Such radicalization could pose problems for the US, which relies heavily on the Iraq's Kurds' long-standing opposition to radical Islamic groups to gather intelligence against Arab and Islamic insurgents. The US now plans to build a network of long-term military bases in Kurdish-controlled northern Iraq – known as Kurdistan.
Iraq's Kurds are ethnically distinct from Iraq's Arabs, with a separate language, culture, and history. Unlike Iraq's Arabs, Kurds have traditionally seen Islam as a personal issue.
"[Kurds] are ... unlikely to respond to the calls of a fundamentalist notion of Muslim brotherhood," Sarah Keeler, a lecturer and specialist in Kurdish issues at the University of Kent in England.
Rather than advocating loyalty to Islam over nationalism, Kurdish Islamic parties are seizing the moral high ground against Kurdistan's ruling secular parties, whom they accuse of corruption and economic mismanagement.
"People know that our followers and members are not corrupt," says Mr. Ahmed, whose KIU party more than doubled its vote in last December's national election, winning five seats out of 275. Analysts largely agree, pointing out that even secular Kurds are disenchanted with the two ruling Kurdish parties, the Kurdistan Democratic Party (KDP) and the Patriotic Union of Kurdistan (PUK), and are ready to give other parties a chance.
"For devout Kurds the Islamic parties are the obvious choice ... as well as for those who want an alternative to the ruling Kurdish coalition," says the ICG's Dr.

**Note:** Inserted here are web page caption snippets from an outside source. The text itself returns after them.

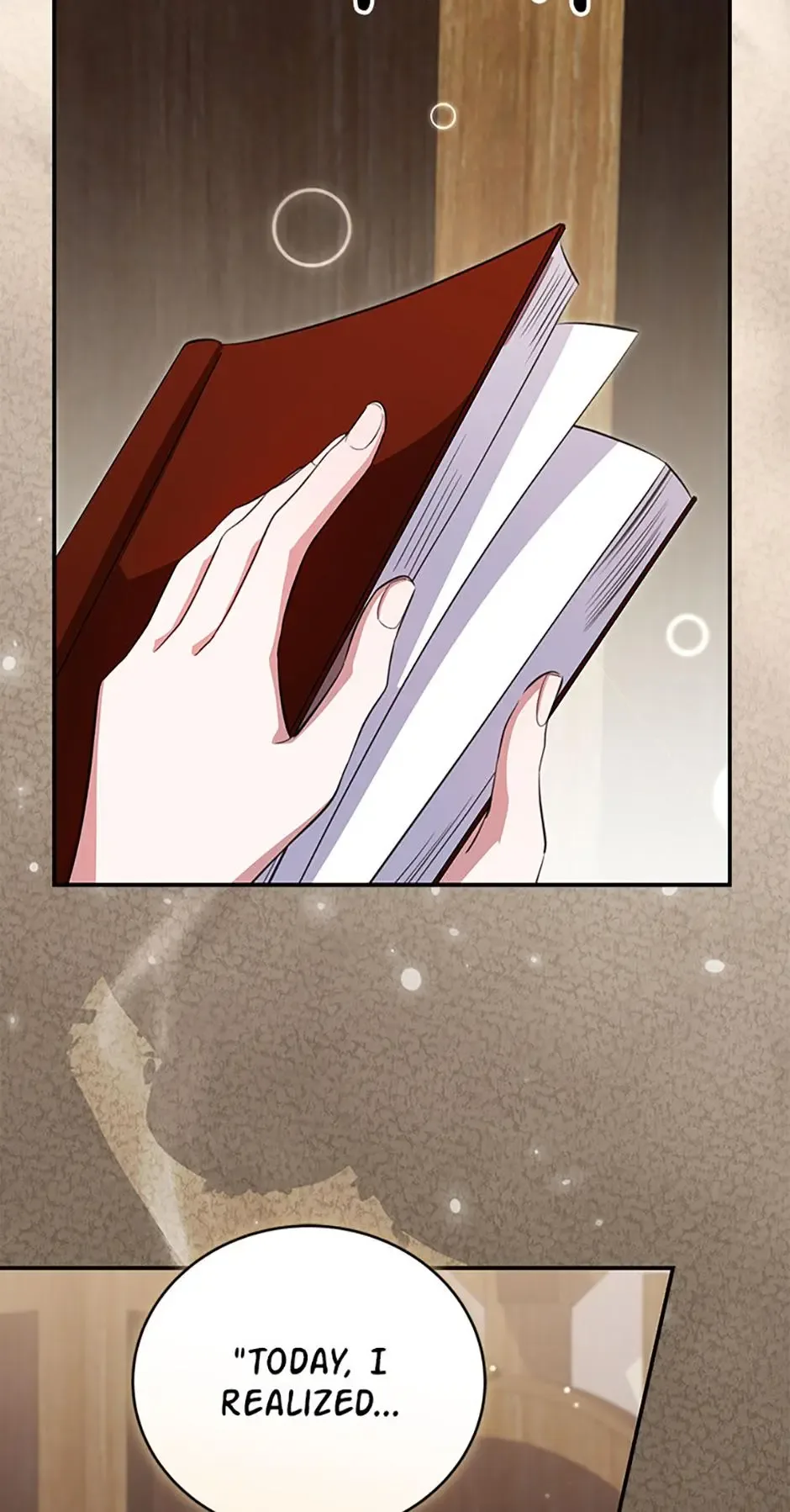 The Teacher at the Noble Kindergarten Is Having a Hard Day Chapter 4 page 87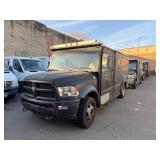 2017 RAM TRUCK - 30K MILES - VIN: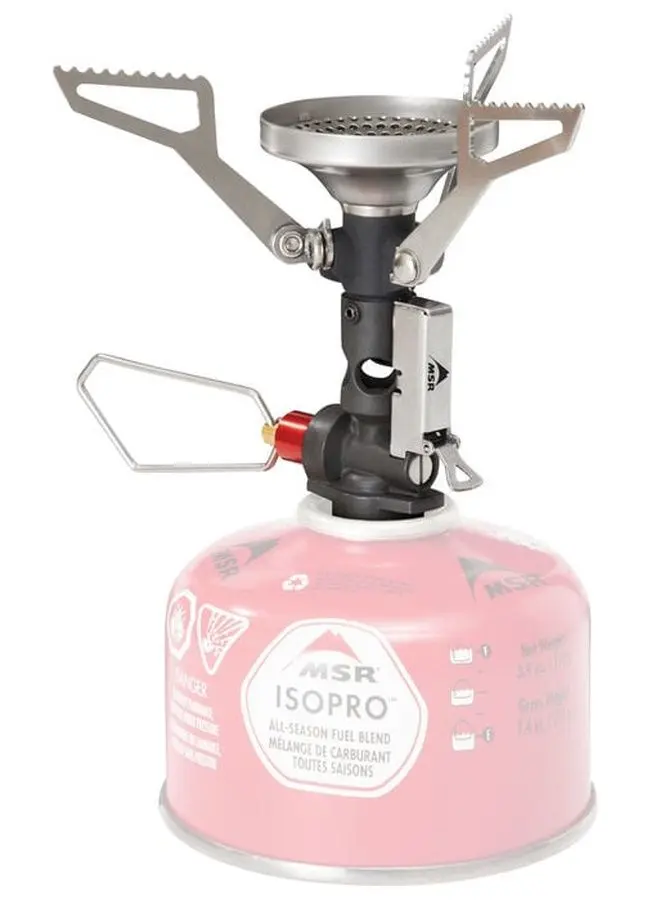 Газовая горелка MSR PocketRocket Deluxe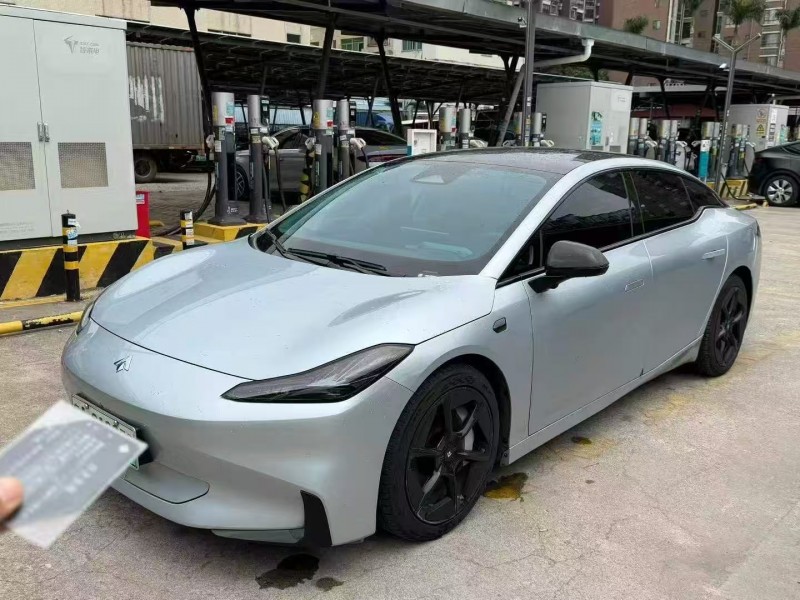 广州24年传祺昊铂GT2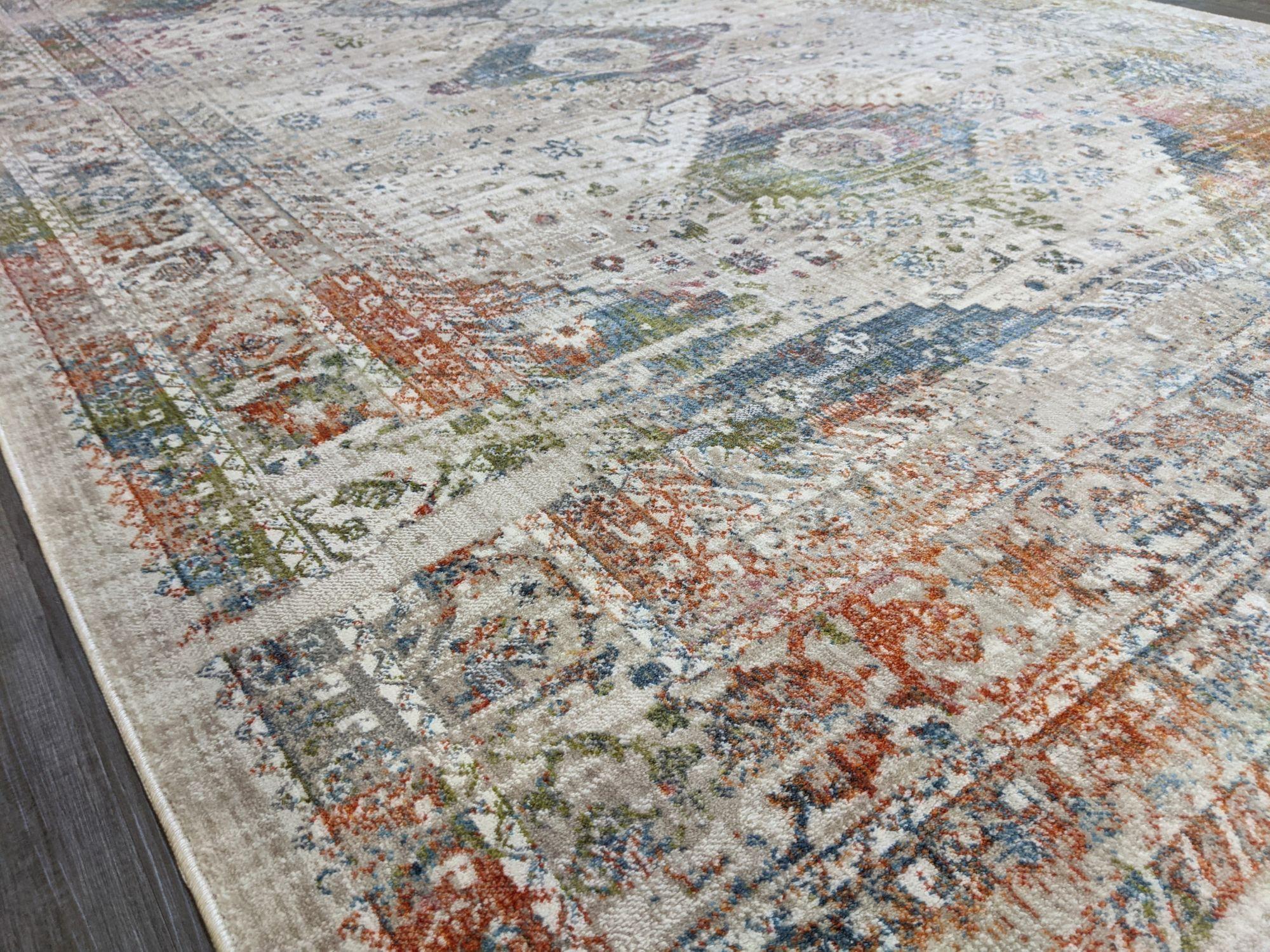 Lagona 1  Multi 160 x 230 cm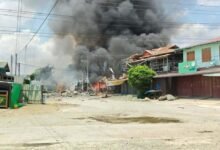Nbungli Bawm a majaw, Lawnghkang mare wan hkru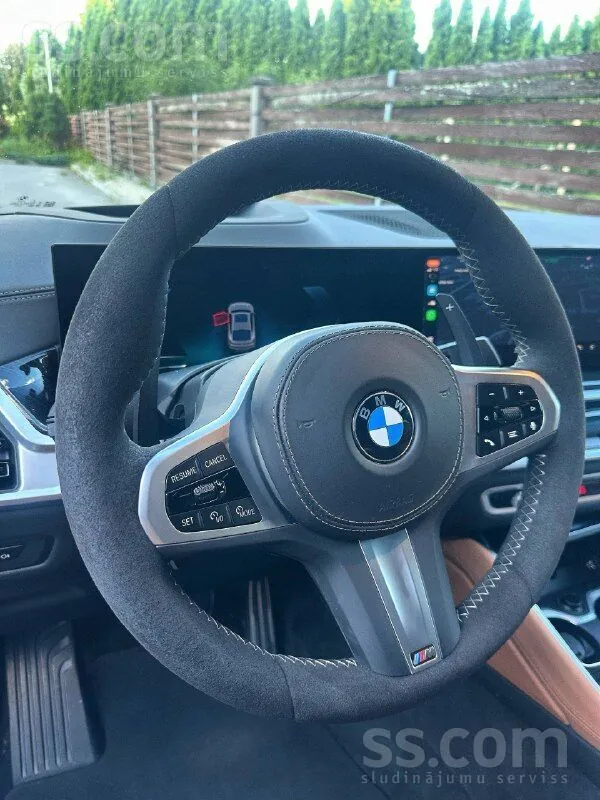 BMW X6 2024 photo 5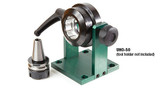 Universal Adjustable Auto-Locking Stand for HSK32, HSK40, HSK63F and ISO30 Chucks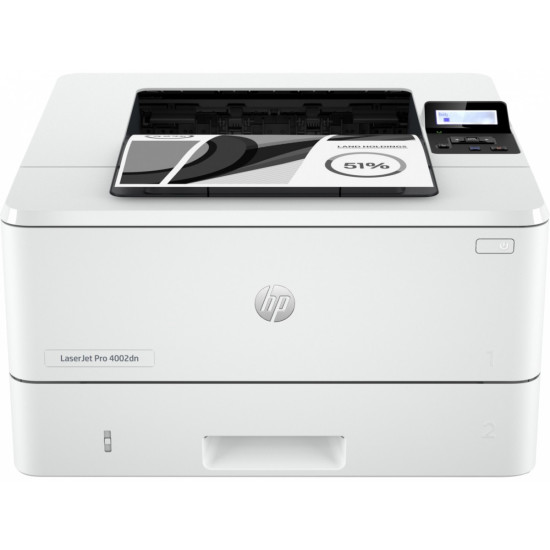 Drukarka LaserJet  Pro 4002dn 2Z605F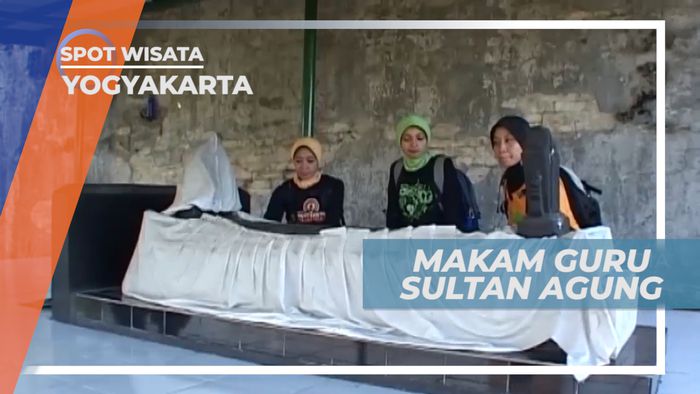 Cinde Ameh, Guru Spiritual Sultan Agung yang di Makamkan di Komplek Pemakaman Imogiri, Yogyakarta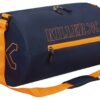 Killer Activerge 35-Litre Water Resistance Polyester Gym Bag (Navy)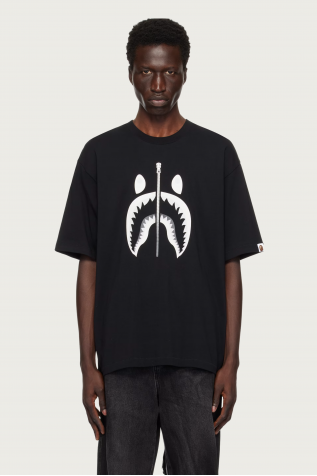 Bape WGM Shark Tee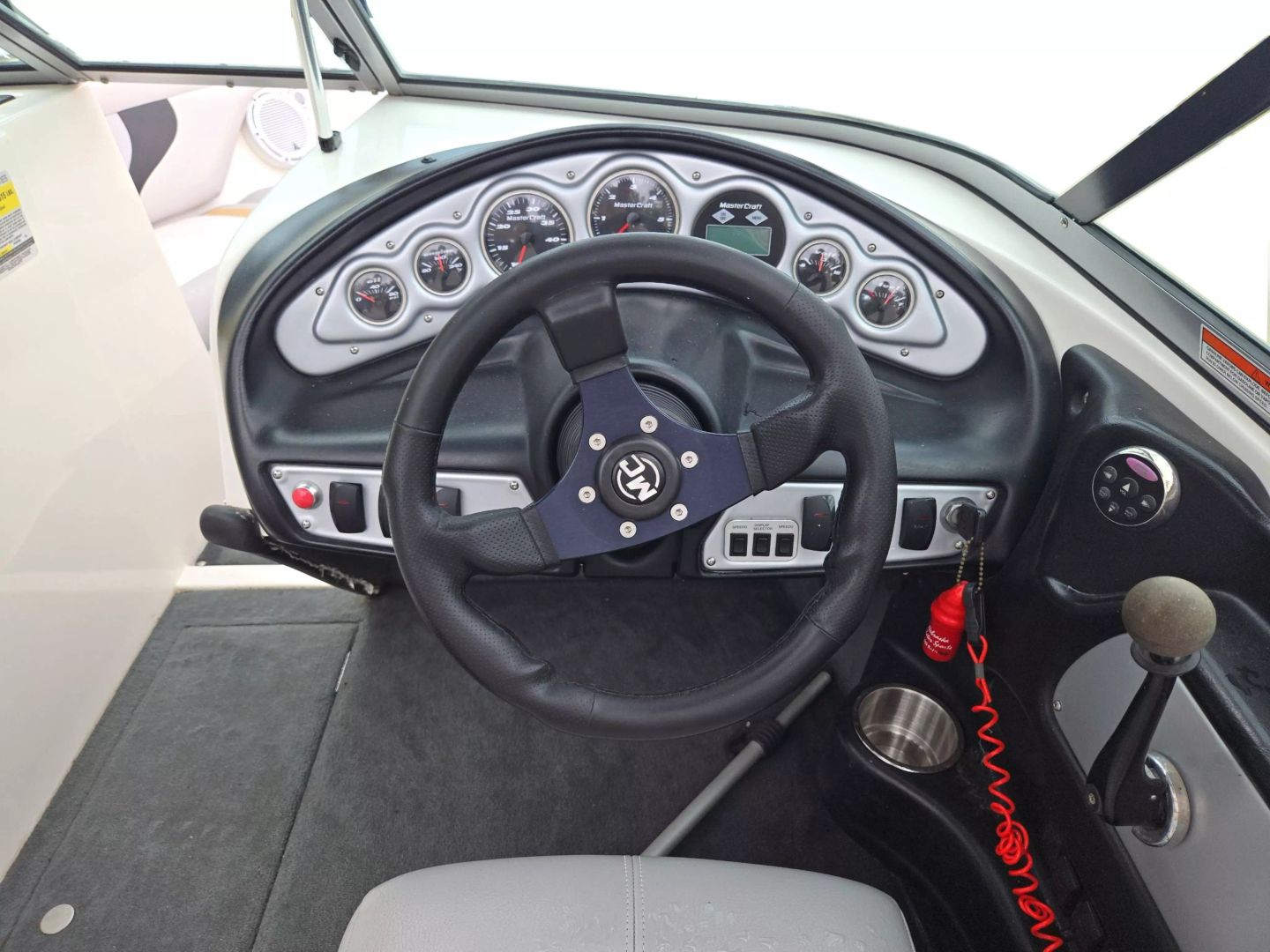 2008 Mastercraft X1 - Image 13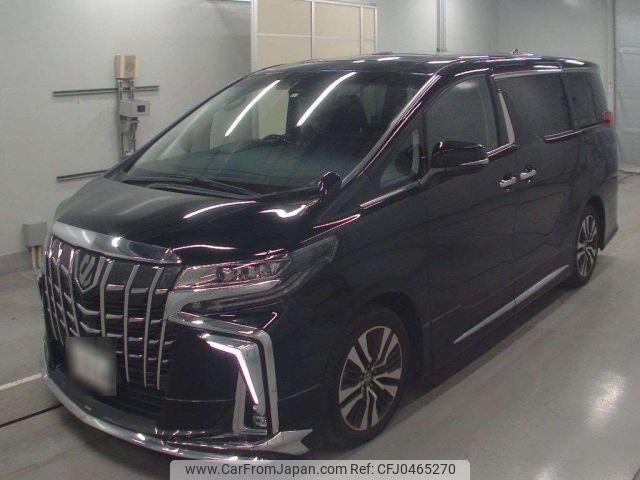 toyota alphard 2019 -TOYOTA 【品川 333て9988】--Alphard AGH30W-0296425---TOYOTA 【品川 333て9988】--Alphard AGH30W-0296425- image 1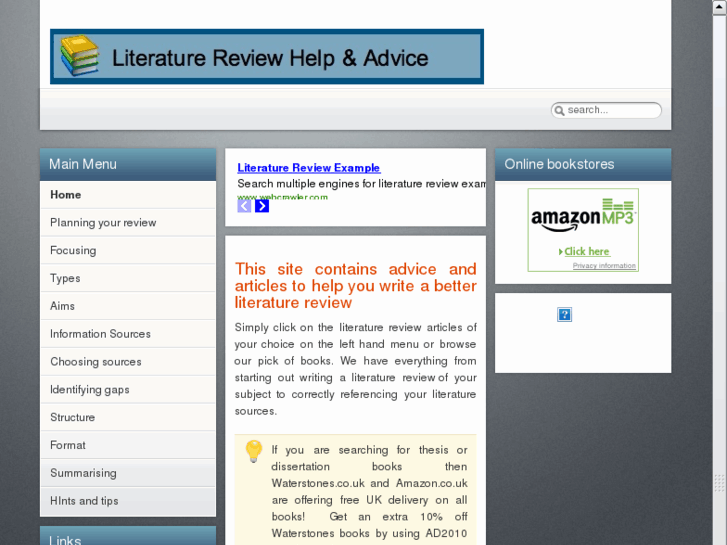 www.literaturereviewof.com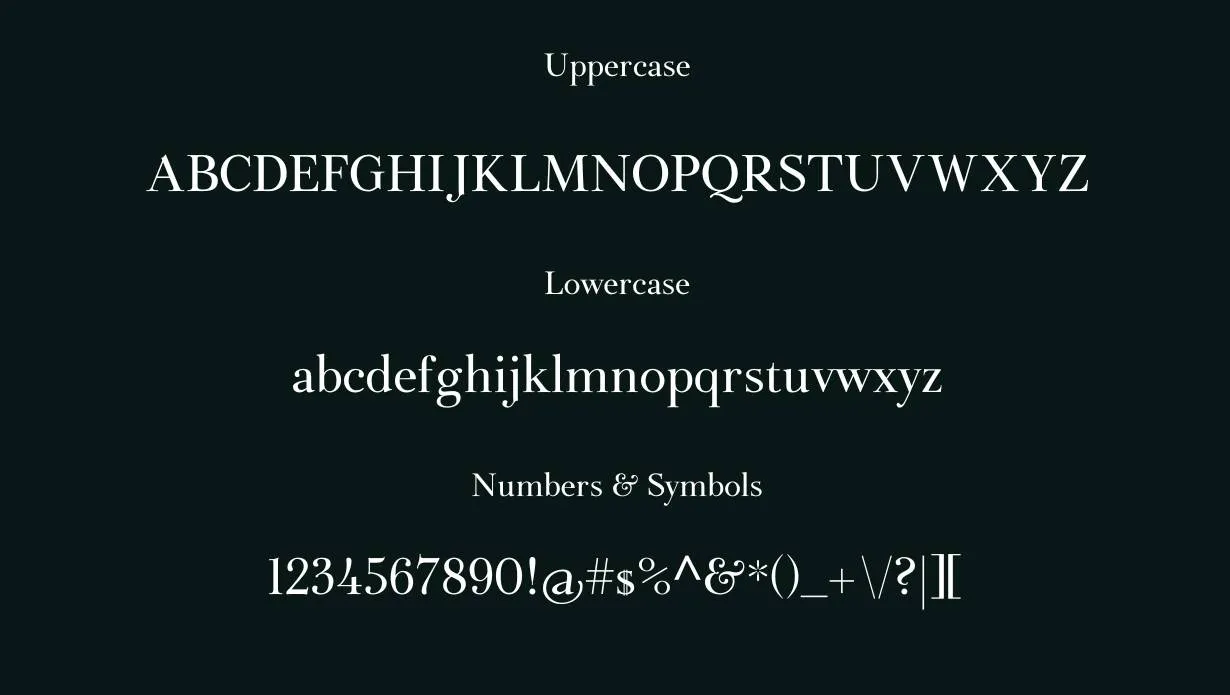 Botera Font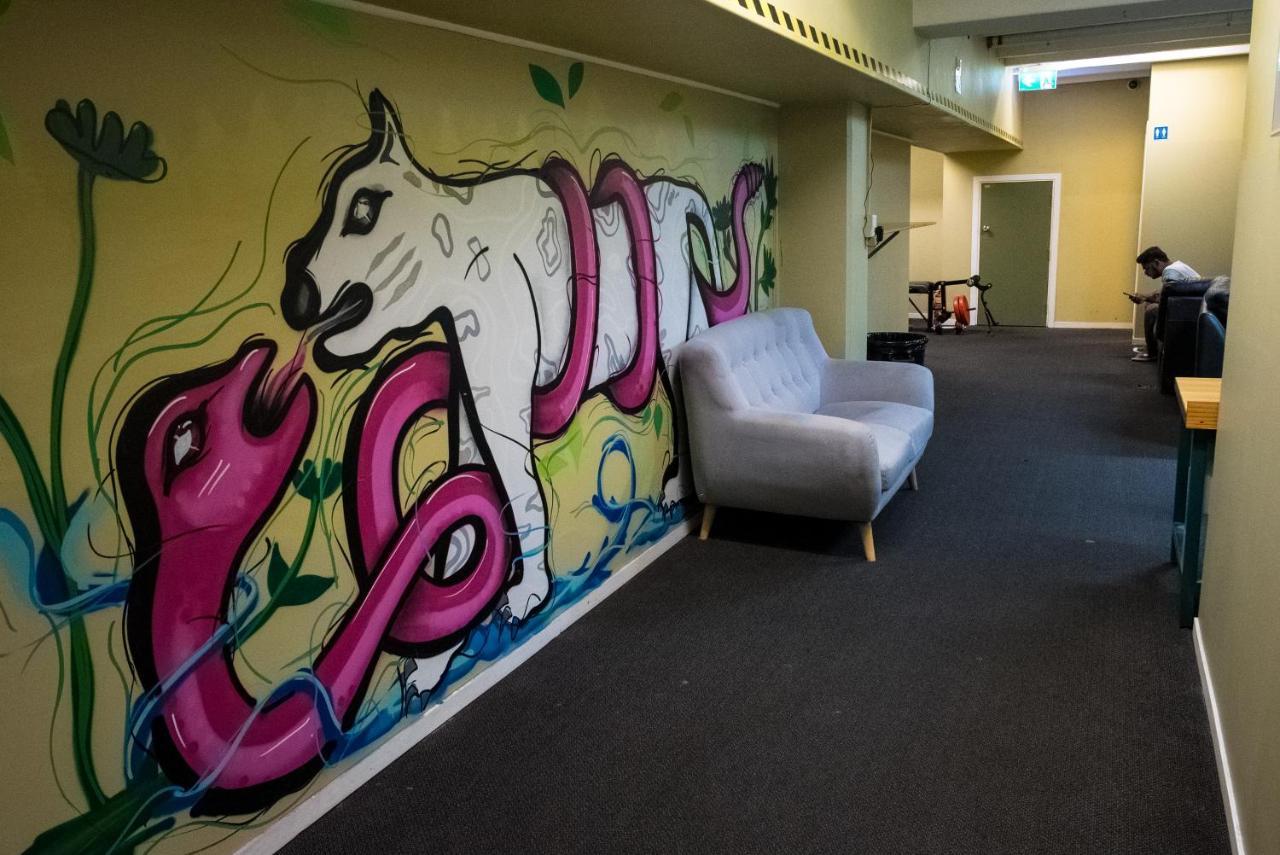 Silverfern Backpackers Hostel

Hiltermann. "I don't think this is a one-off protest vote," he says. "The KIU is being seen as a viable alternative."
Iraqi Kurdistan's secular parties admit that corruption is a problem, but point out that neither they nor the KIU can solve high unemployment or attract foreign investment as long as Iraq remains a war zone.
"It is difficult for the government to meet the demands of everyone," says Azad Jundiani, spokesman for the PUK.
"There are problems of petrol, jobs, electricity, and education that we need to solve, but we haven't got the money," says Mr. Jundiani.
But if the Kurdish parties' economic promises are not always realistic, they have a parallel strategy to build broader long-term support among Kurds. In Arbil, Iraq, the Kurdistan Islamic Union is building a large, hi-tech television studio to run a 24-hour satellite television station that they say should be operational by the end of 2006. Its programs will all have an Islamic flavor and aim to build a Kurdish Islamic identity, which the party hopes will help consolidate its recent electoral gains.
Rebwar Adoo – a young, program manager for the party's private television network – is typical of those who are attracted to the Kurdish Islamic Parties. Always politically minded and concerned about the welfare of his people, he initially worked for socialist parties and then the KDP.
"Neither party was what I was looking for," says Mr. Adoo. "But the Islamic parties seemed to be the only ones that were going straight and actually cared about the Kurdish people. So after two years of thinking about it I joined this party."
But experts say that throughout Kurdish history, ethnic identity, rather than religion, has been the main unifying force.
"Kurdish populations throughout the region have never, in past centuries or today, shared religion as a unifying force," says Ms. Keeler. "The Kurds have, generally speaking, subordinated their religious identity to first an ethnic, and now a national identity."